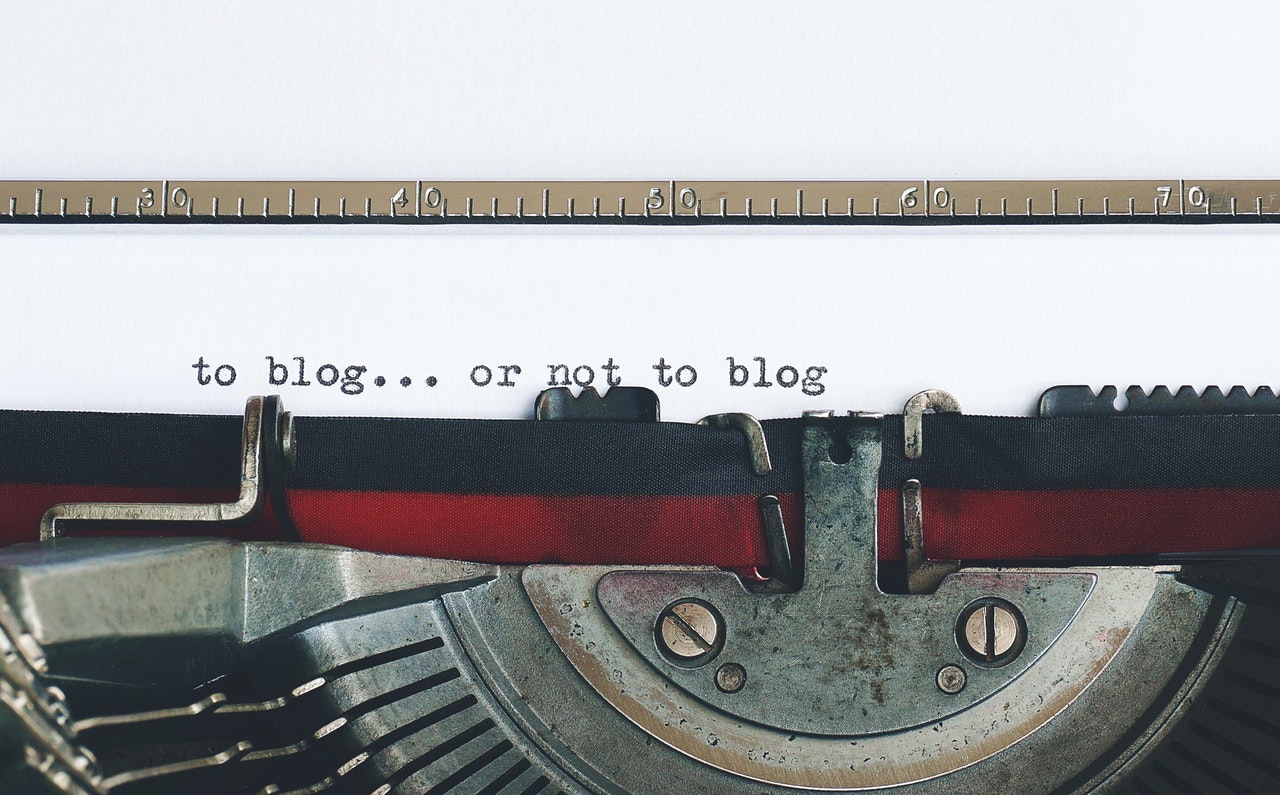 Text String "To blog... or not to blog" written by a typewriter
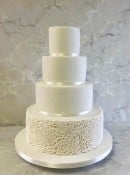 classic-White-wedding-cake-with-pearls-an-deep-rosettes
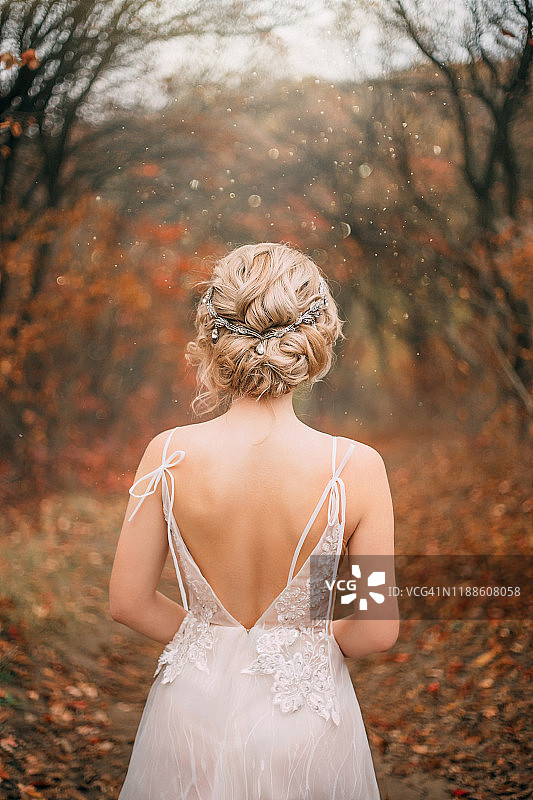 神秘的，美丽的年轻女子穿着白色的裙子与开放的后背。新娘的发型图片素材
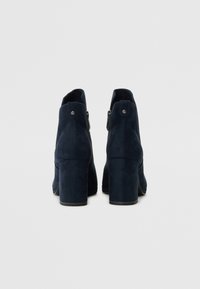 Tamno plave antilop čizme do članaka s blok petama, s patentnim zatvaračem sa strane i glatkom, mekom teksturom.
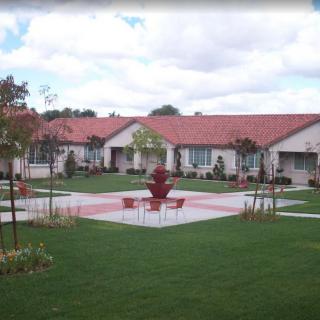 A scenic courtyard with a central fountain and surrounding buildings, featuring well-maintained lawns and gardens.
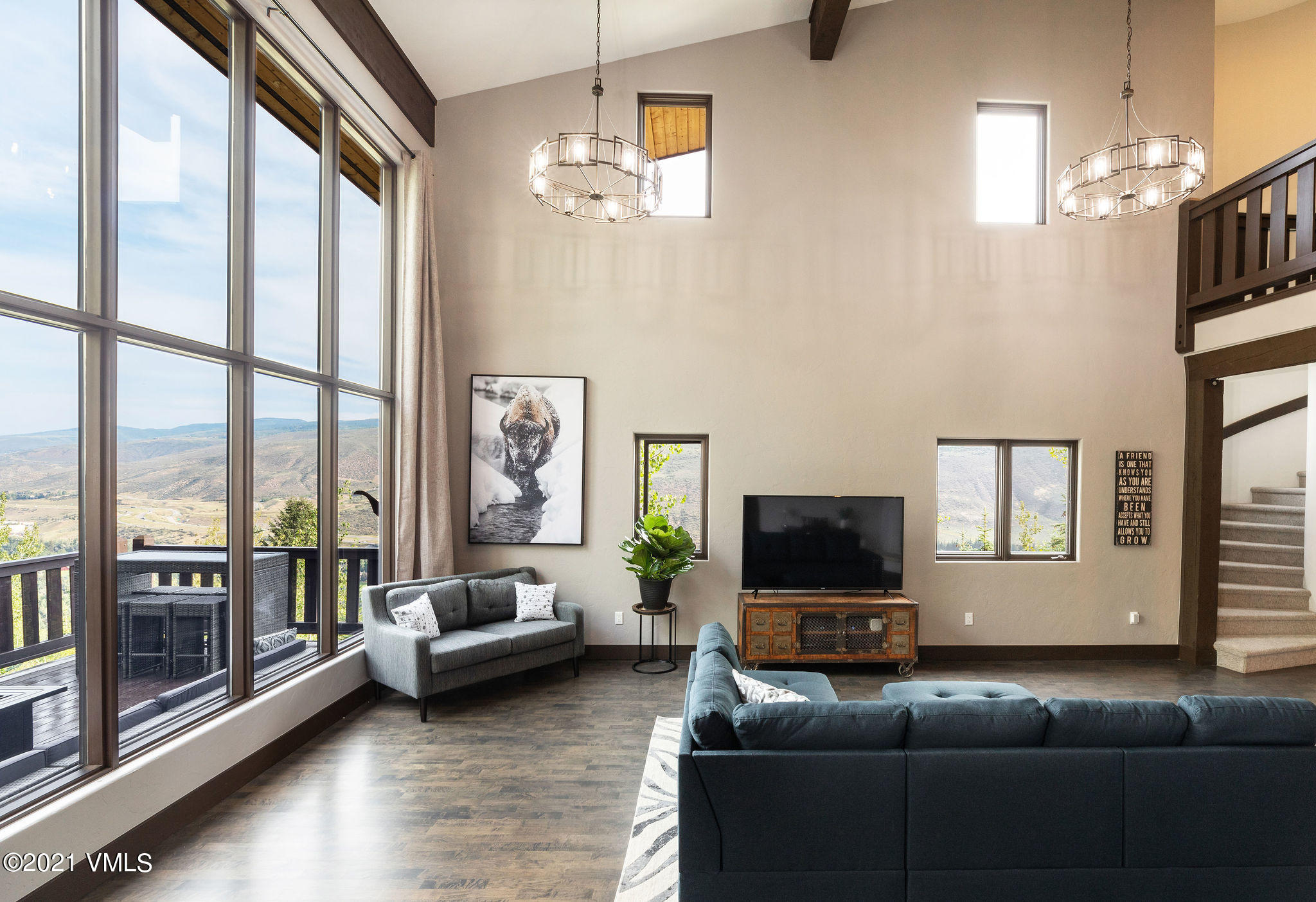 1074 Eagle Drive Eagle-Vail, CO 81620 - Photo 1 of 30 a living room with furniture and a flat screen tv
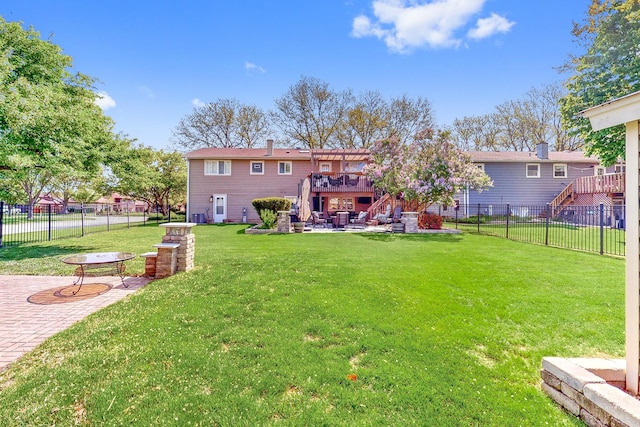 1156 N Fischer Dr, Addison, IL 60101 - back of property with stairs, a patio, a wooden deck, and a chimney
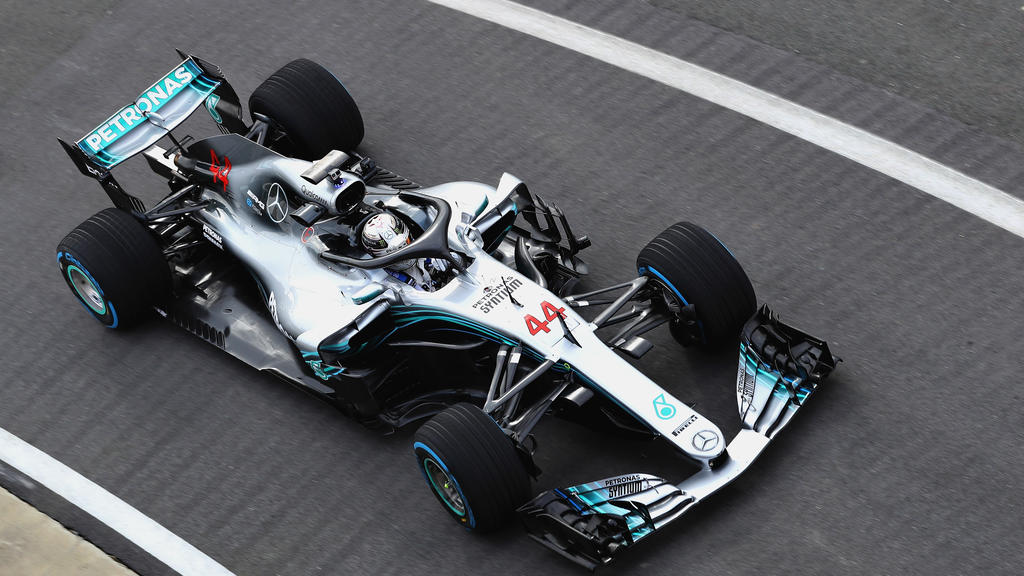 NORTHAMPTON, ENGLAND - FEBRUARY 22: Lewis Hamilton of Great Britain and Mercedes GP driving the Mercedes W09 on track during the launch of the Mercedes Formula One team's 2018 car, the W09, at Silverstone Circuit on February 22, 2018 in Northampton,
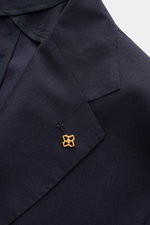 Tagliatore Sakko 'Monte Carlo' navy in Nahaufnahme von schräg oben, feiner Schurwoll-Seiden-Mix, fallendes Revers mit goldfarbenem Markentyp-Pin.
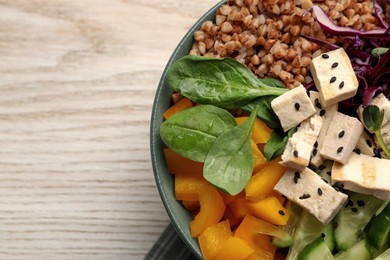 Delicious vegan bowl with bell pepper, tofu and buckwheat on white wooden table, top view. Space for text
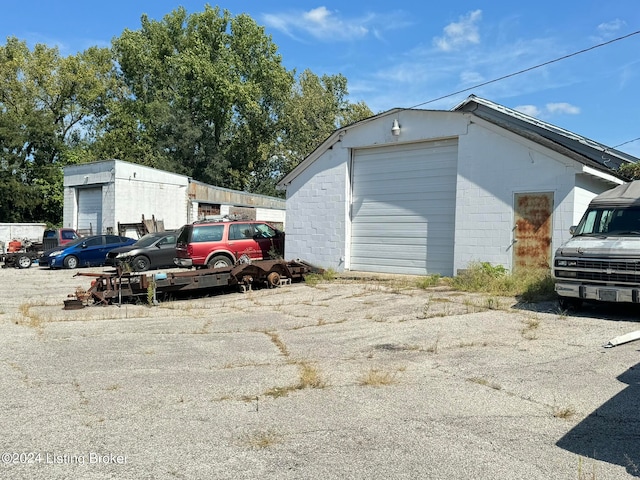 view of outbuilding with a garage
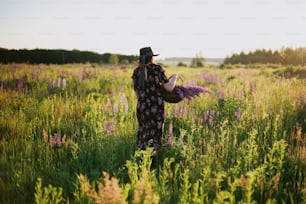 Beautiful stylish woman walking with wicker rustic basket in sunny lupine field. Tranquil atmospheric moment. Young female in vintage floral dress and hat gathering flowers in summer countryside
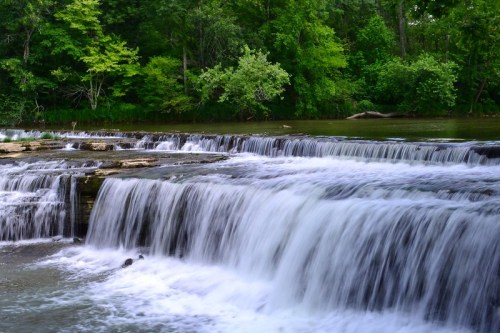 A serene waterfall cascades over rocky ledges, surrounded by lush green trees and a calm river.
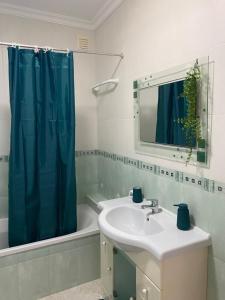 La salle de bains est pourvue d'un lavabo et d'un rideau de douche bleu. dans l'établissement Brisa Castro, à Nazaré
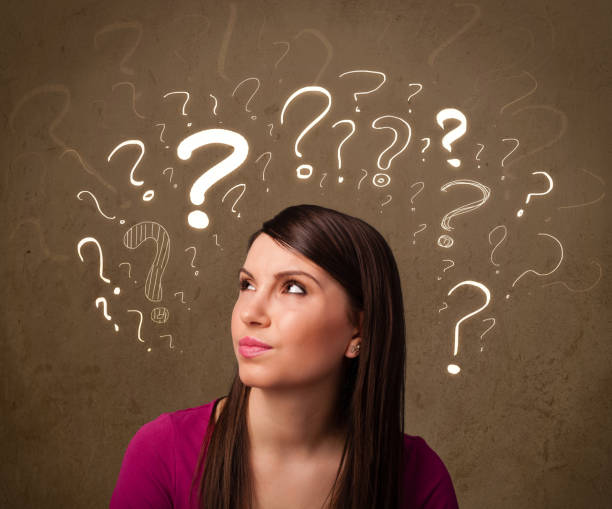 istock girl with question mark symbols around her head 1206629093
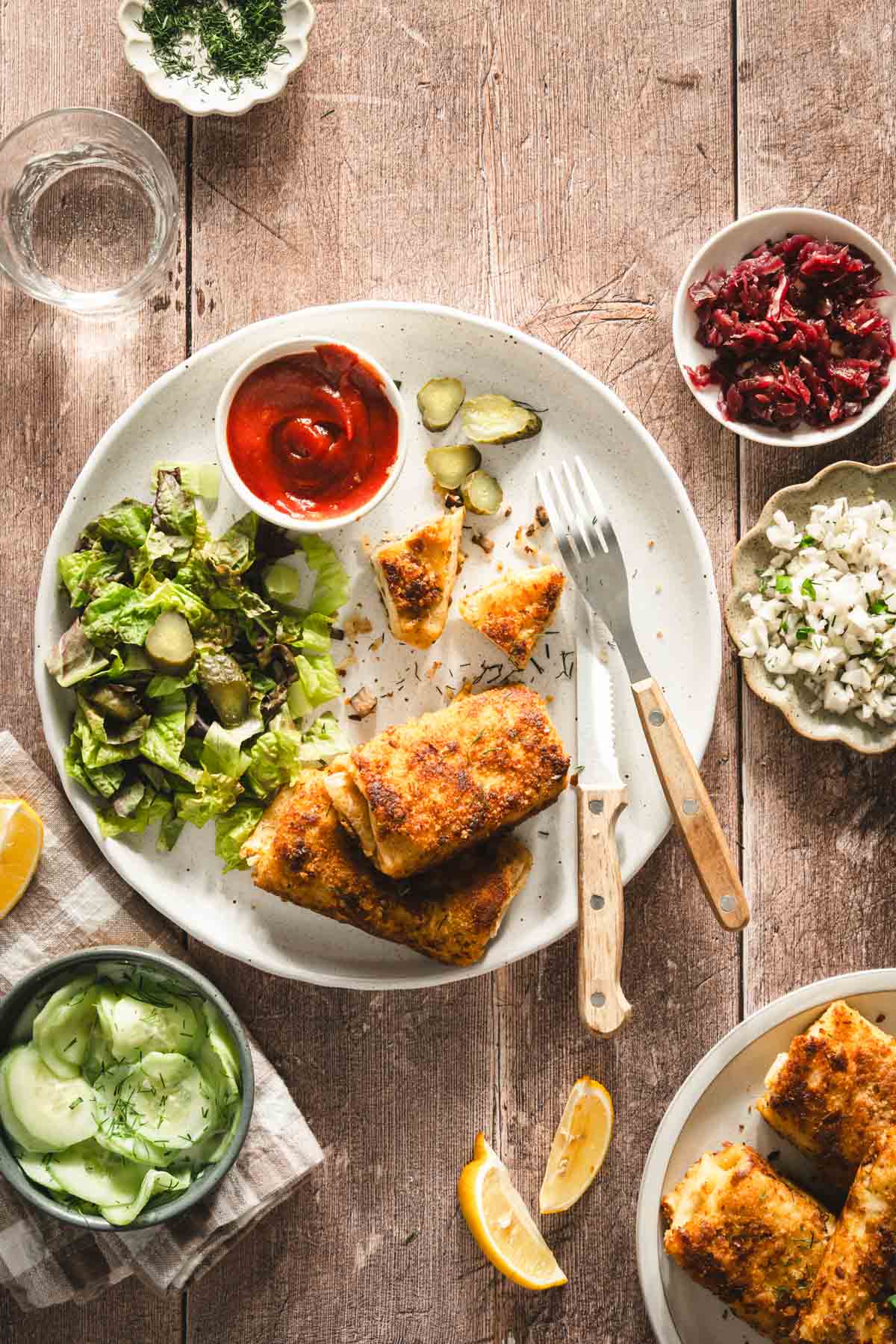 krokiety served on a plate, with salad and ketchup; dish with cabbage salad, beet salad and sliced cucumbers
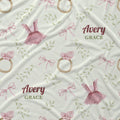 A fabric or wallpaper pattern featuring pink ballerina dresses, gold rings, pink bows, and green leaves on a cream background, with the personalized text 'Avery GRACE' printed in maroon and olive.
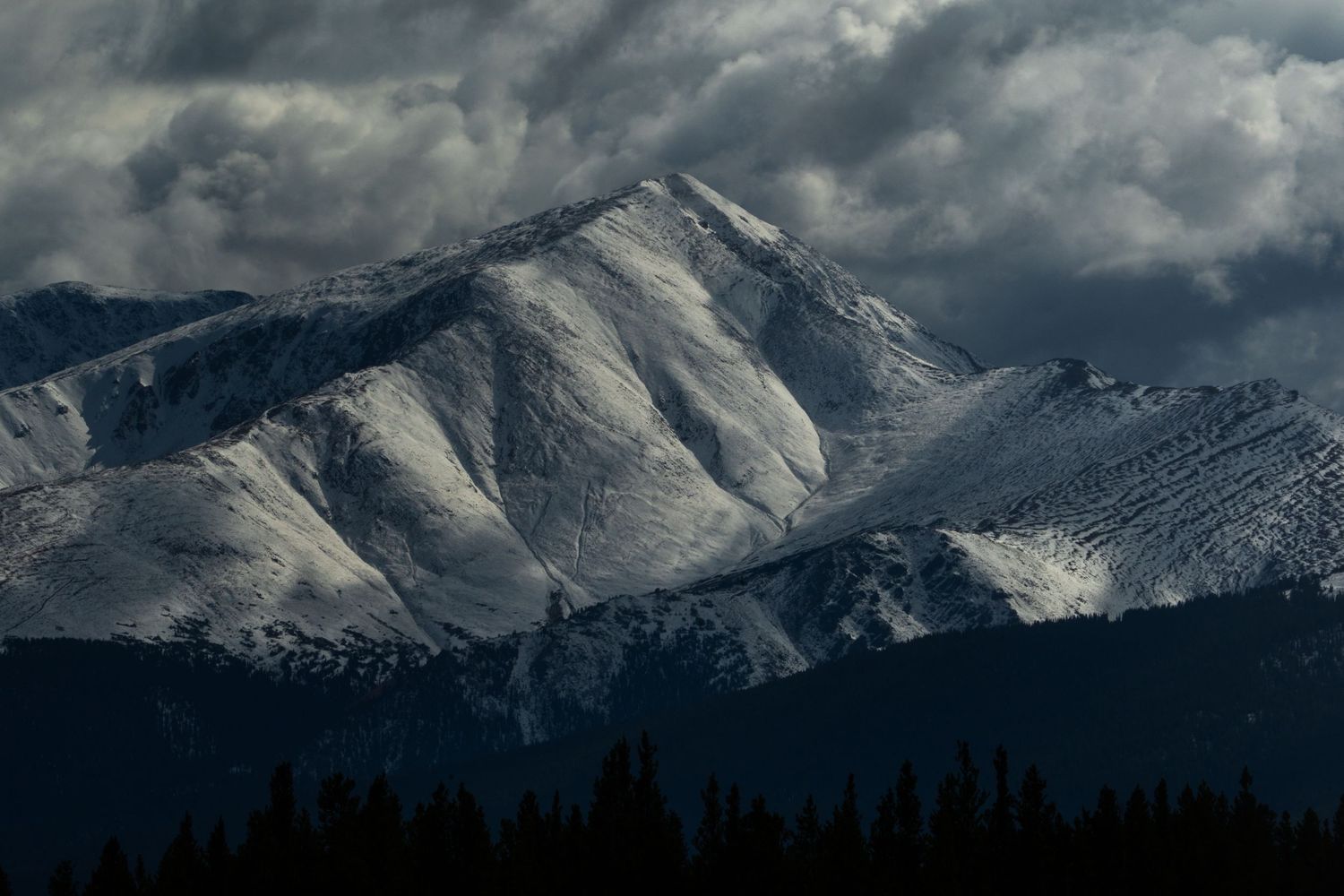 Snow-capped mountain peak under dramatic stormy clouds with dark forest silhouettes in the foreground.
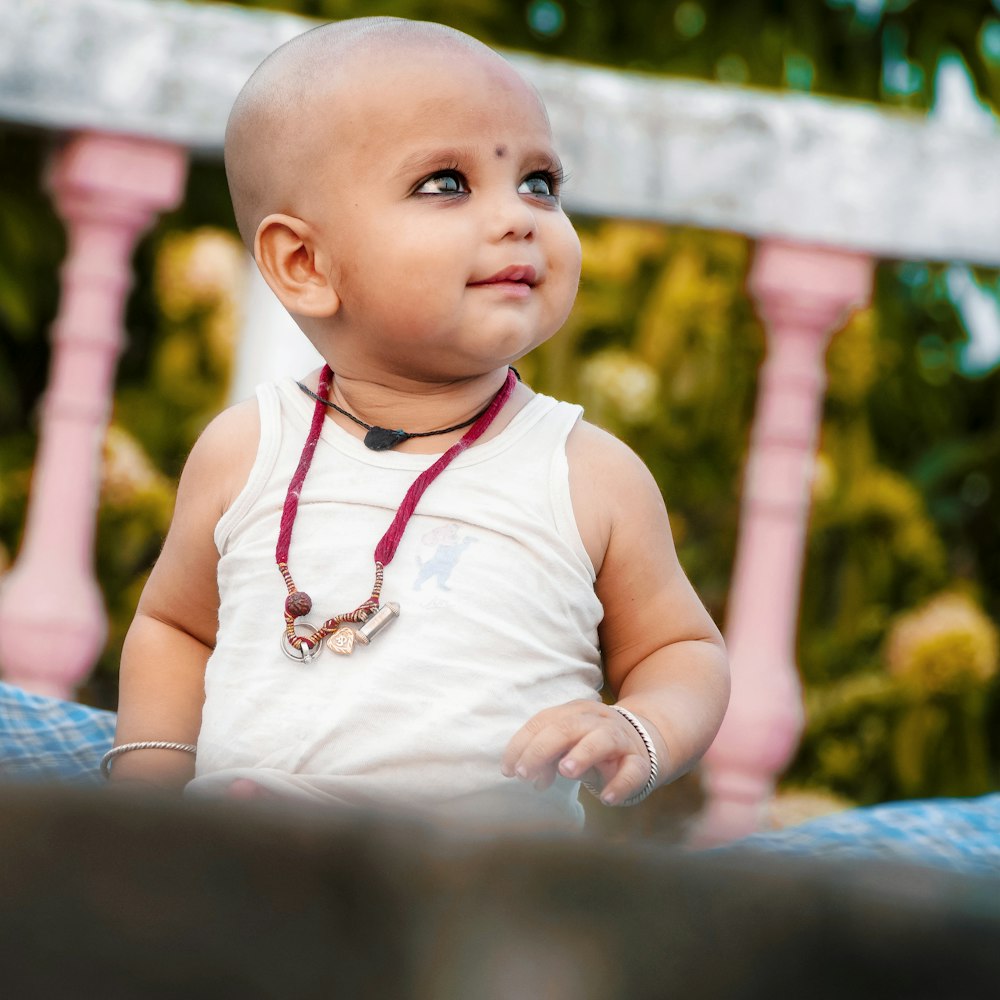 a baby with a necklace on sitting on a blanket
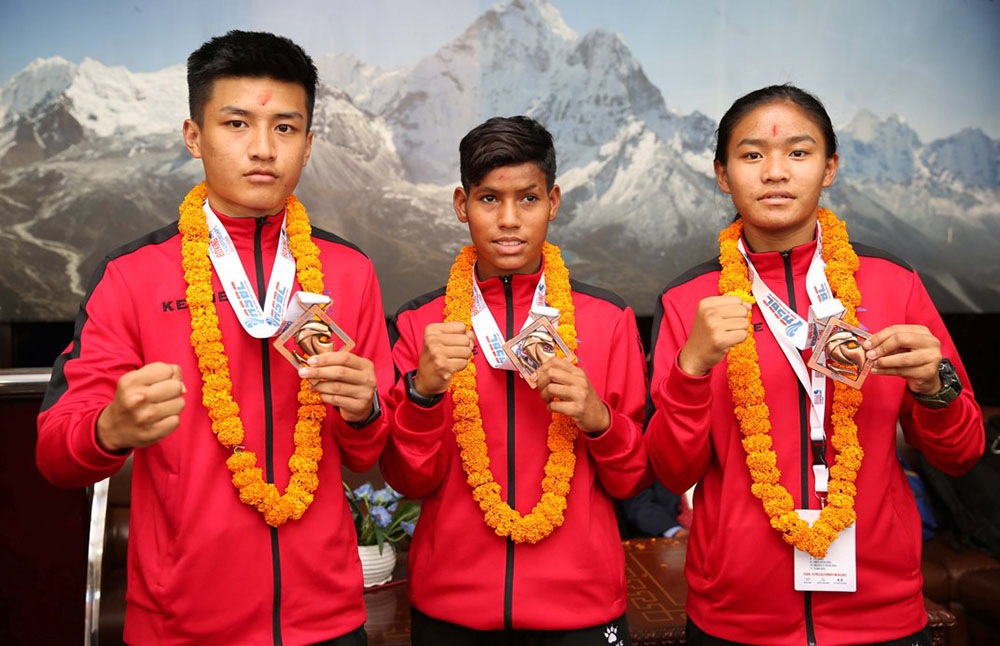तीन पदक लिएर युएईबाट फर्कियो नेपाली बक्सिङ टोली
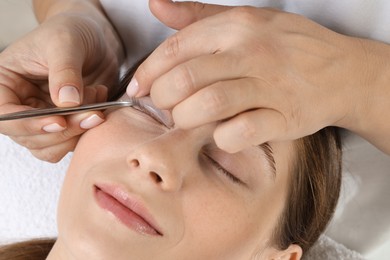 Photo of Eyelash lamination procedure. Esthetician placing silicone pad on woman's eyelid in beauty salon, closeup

☆ ☆ ☆

• _Description of the task_
Within the listing above, write out the stretch from the line with "神秘的，美丽的年轻女子穿着白色的裙子与开放的后背。新娘的发型图片素材" through the line with "NORTHAMPTON, ENGLAND - FEBRUARY" exactly. Any pictures are to be left out.

• _Solution for this task_
 神秘的，美丽的年轻女子穿着白色的裙子与开放的后背。新娘的发型图片素材
 Tamno plave antilop čizme do članaka s blok petama, s patentnim zatvaračem sa strane i glatkom, mekom teksturom.
 A scenic courtyard with a central fountain and surrounding buildings, featuring well-maintained lawns and gardens.
 1074 Eagle Drive Eagle-Vail, CO 81620 - Photo 1 of 30 a living room with furniture and a flat screen tv
 1156 N Fischer Dr, Addison, IL 60101 - back of property with stairs, a patio, a wooden deck, and a chimney
 NORTHAMPTON, ENGLAND - FEBRUARY 22: Lewis Hamilton of Great Britain and Mercedes GP driving the Mercedes W09 on track during the launch of the Mercedes Formula One team's 2018 car, the W09, at Silverstone Circuit on February 22, 2018 in Northampton,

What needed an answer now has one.